→ **Recorded data**
--------------------------------------------------

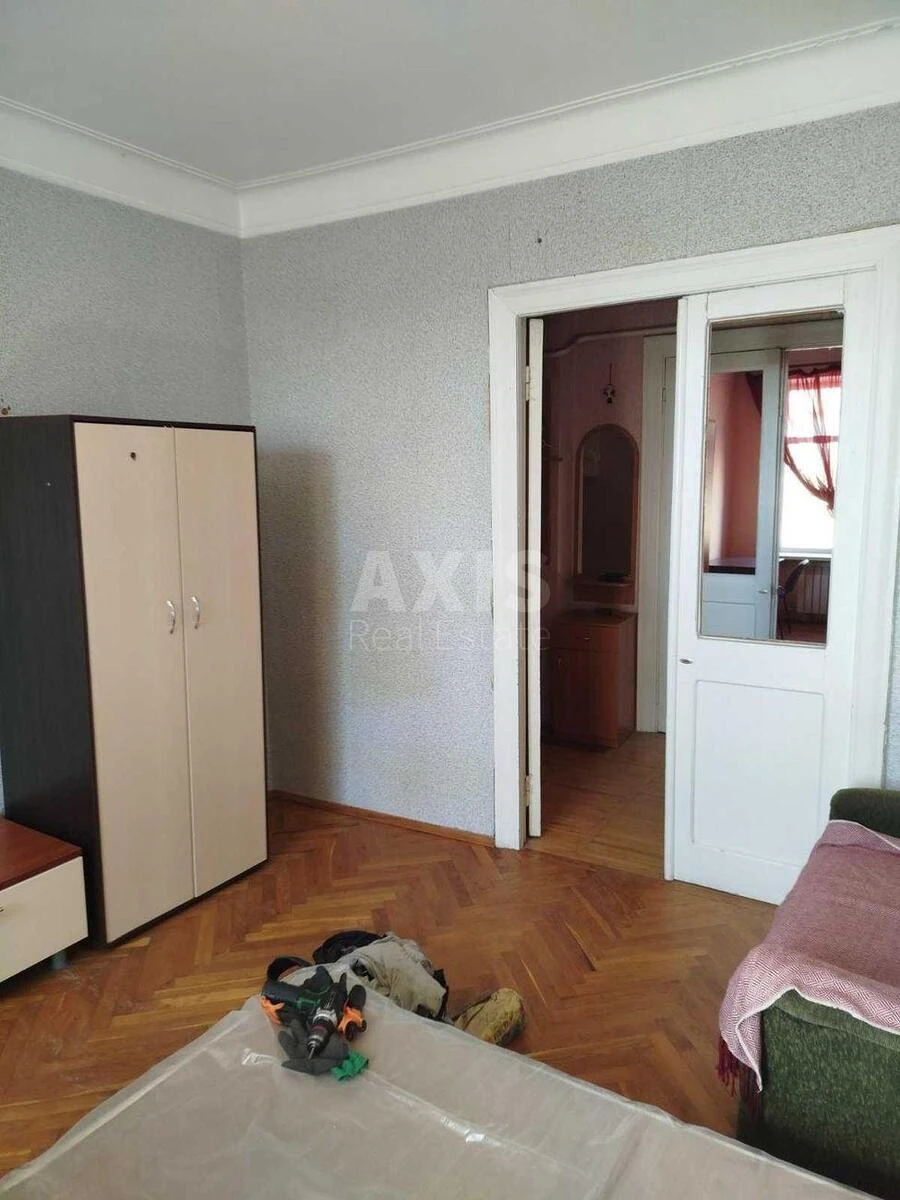3к квартира ул. Довженко Александра 10719091
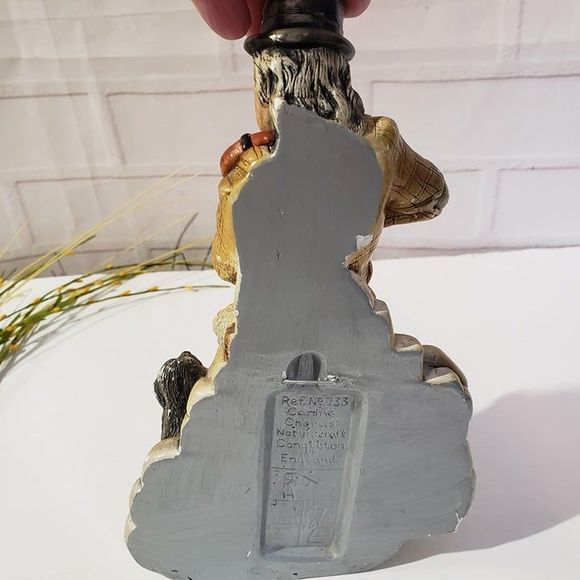 Vintage Made in Congleton England Chalkware Tramp with Dogs Wall Hanging Decor - Picture 5 of 12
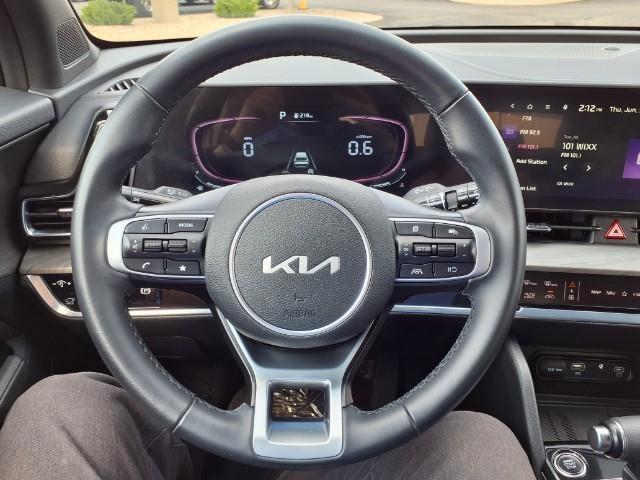 2023 Kia Sportage Vehicle Photo in Oshkosh, WI 54904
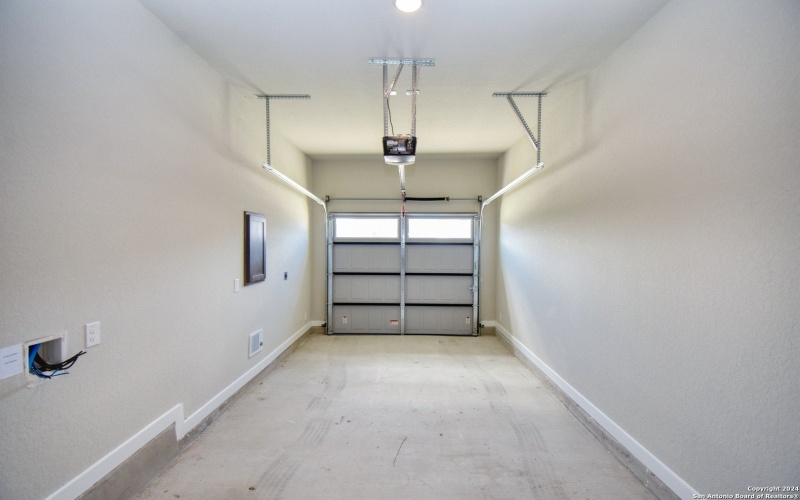 8406 Via Pisa, San Antonio, TX 78227, ,Residential Multi Family,For Sale,8406 Via Pisa,0,1932457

--------------------------------------------------

→ **Task prompt**
Could you write out exactly the lines running from the one with "Vintage Made in" through the last line of the data above, both ends kept, and omit any picture?

→ **Written solution**
 Vintage Made in Congleton England Chalkware Tramp with Dogs Wall Hanging Decor - Picture 5 of 12
 2023 Kia Sportage Vehicle Photo in Oshkosh, WI 54904
 8406 Via Pisa, San Antonio, TX 78227, ,Residential Multi Family,For Sale,8406 Via Pisa,0,1932457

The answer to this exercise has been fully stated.